Items from a dataset

○ ○ ○ ○ ○ ○ ○

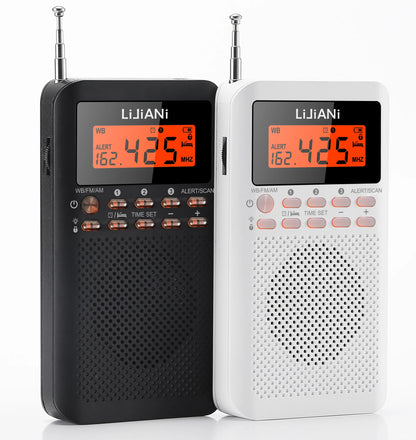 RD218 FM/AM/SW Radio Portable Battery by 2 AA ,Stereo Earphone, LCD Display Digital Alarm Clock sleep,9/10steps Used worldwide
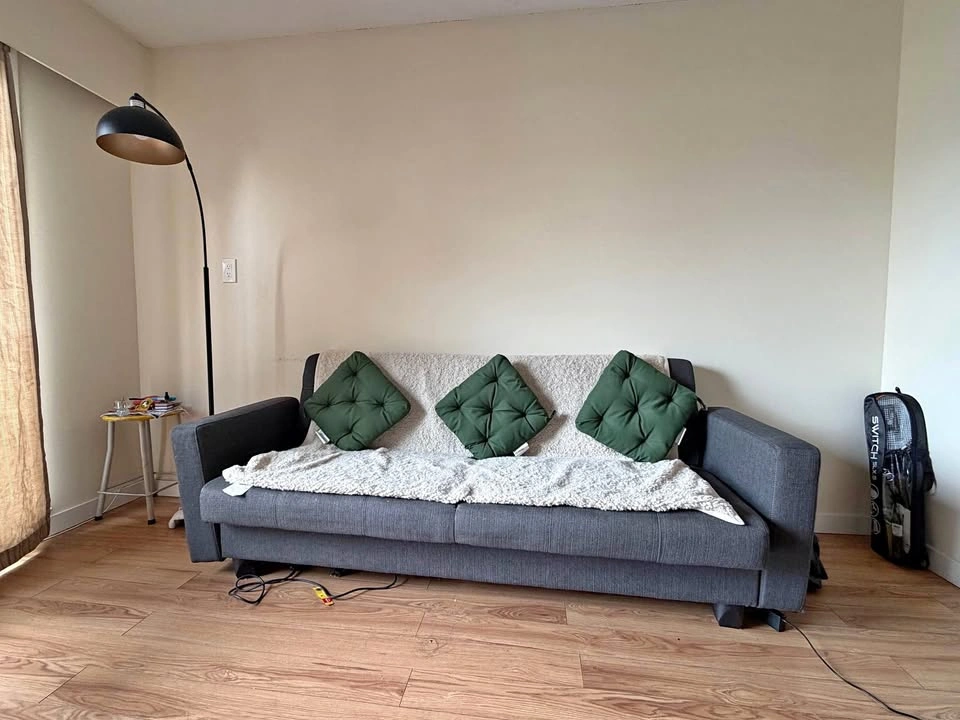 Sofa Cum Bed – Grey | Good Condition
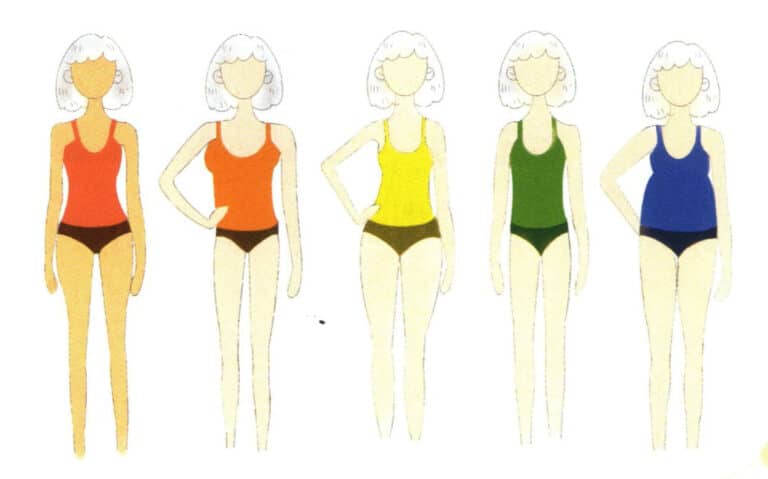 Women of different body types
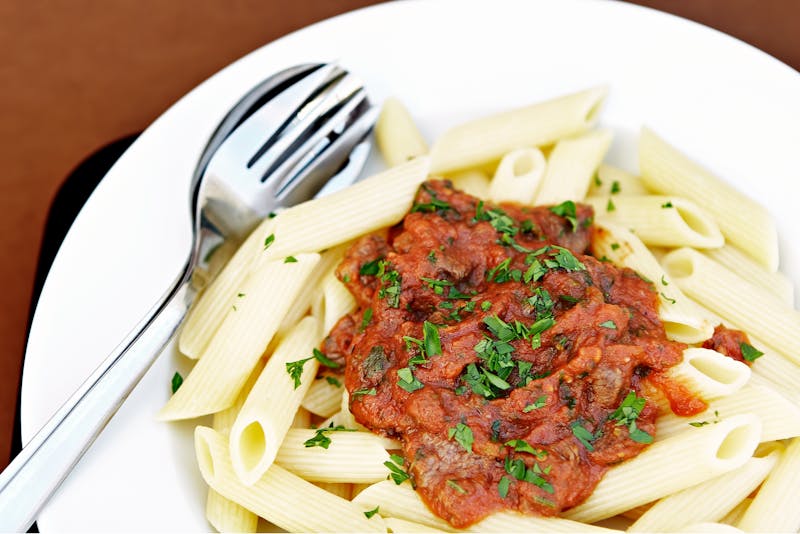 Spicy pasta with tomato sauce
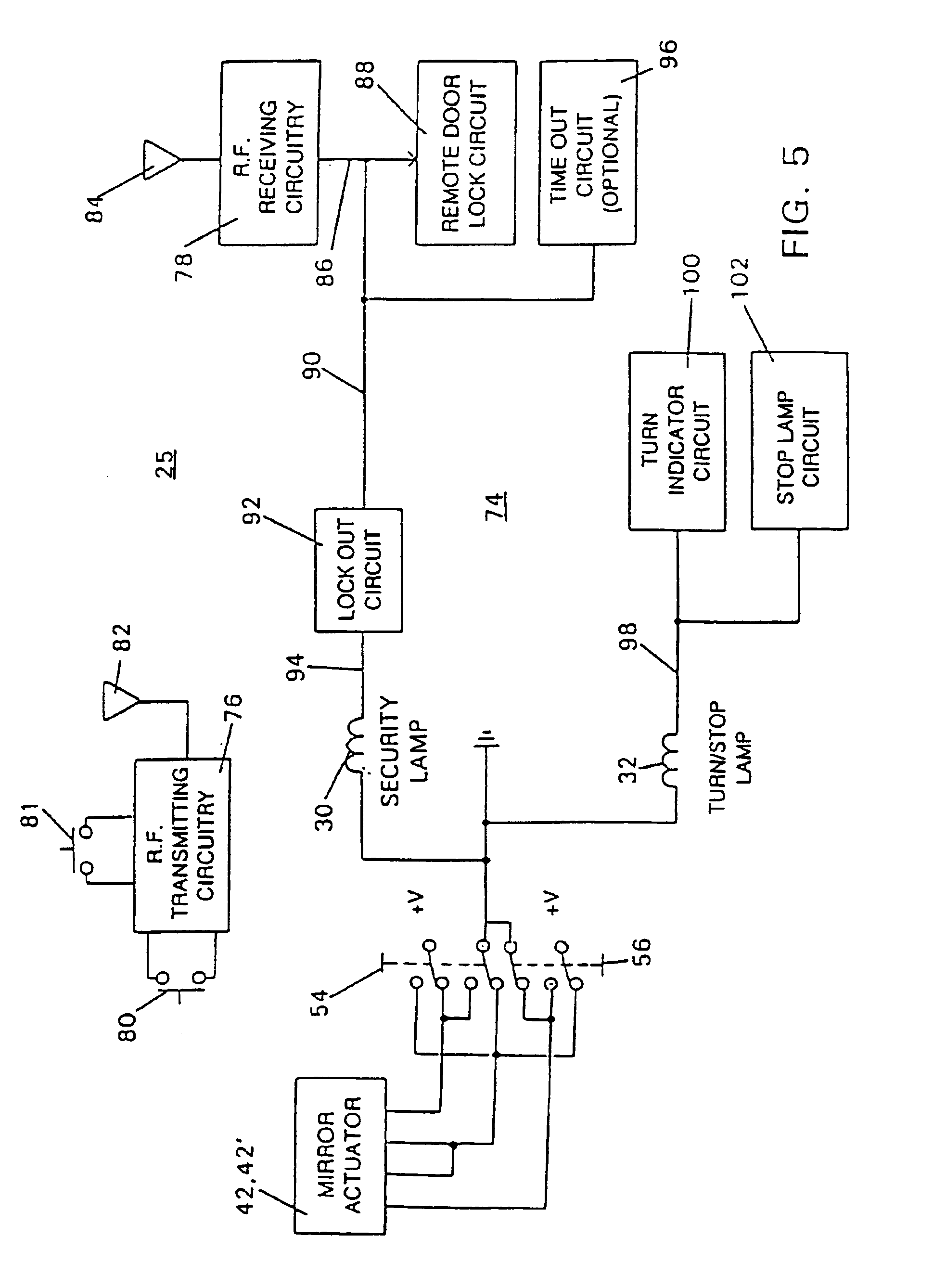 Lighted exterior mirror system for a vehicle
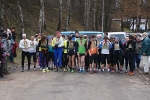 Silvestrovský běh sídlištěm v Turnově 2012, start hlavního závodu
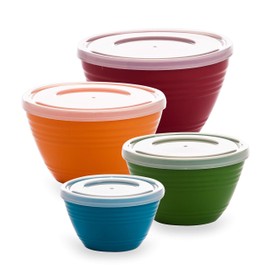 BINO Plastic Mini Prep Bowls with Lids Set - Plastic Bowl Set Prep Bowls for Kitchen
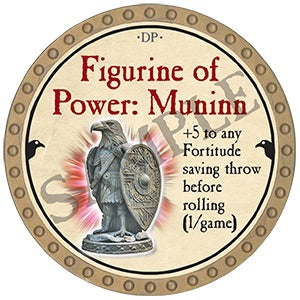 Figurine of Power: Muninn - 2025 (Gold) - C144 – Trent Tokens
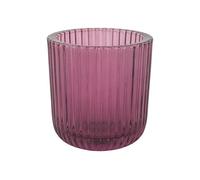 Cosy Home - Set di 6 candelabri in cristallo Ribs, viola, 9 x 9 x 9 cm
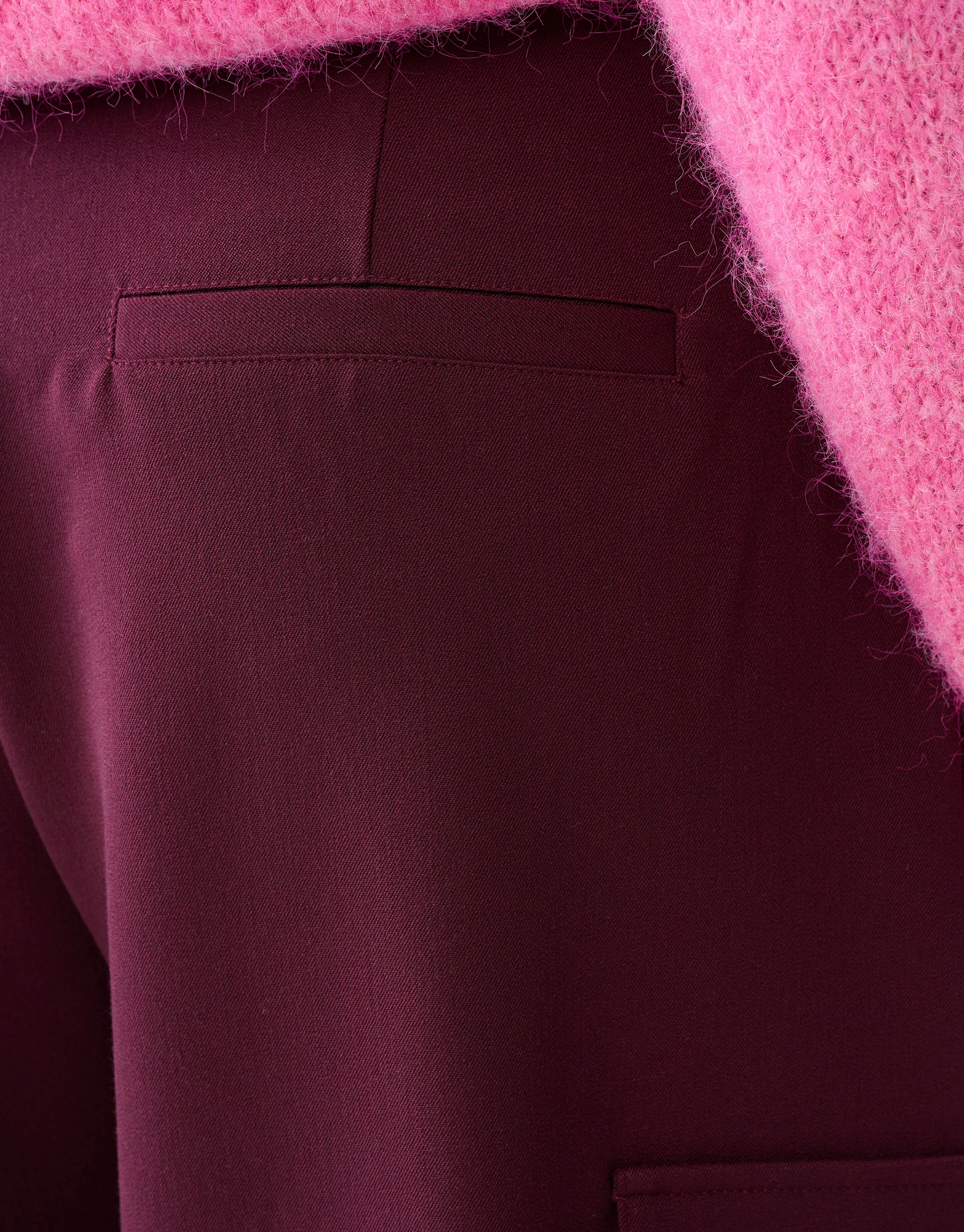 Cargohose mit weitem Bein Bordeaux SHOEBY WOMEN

○ ○ ○ ○ ○ ○ ○

**What you should do**
The answer must be an exact copy of the lines from the one containing "Women of different body types" through the last line of the records, and nothing else. Pictures do not belong in it.

**Result for this exercise**
 Women of different body types
 Spicy pasta with tomato sauce
 Lighted exterior mirror system for a vehicle
 Silvestrovský běh sídlištěm v Turnově 2012, start hlavního závodu
 BINO Plastic Mini Prep Bowls with Lids Set - Plastic Bowl Set Prep Bowls for Kitchen
 Figurine of Power: Muninn - 2025 (Gold) - C144 – Trent Tokens
 Cosy Home - Set di 6 candelabri in cristallo Ribs, viola, 9 x 9 x 9 cm
 Cargohose mit weitem Bein Bordeaux SHOEBY WOMEN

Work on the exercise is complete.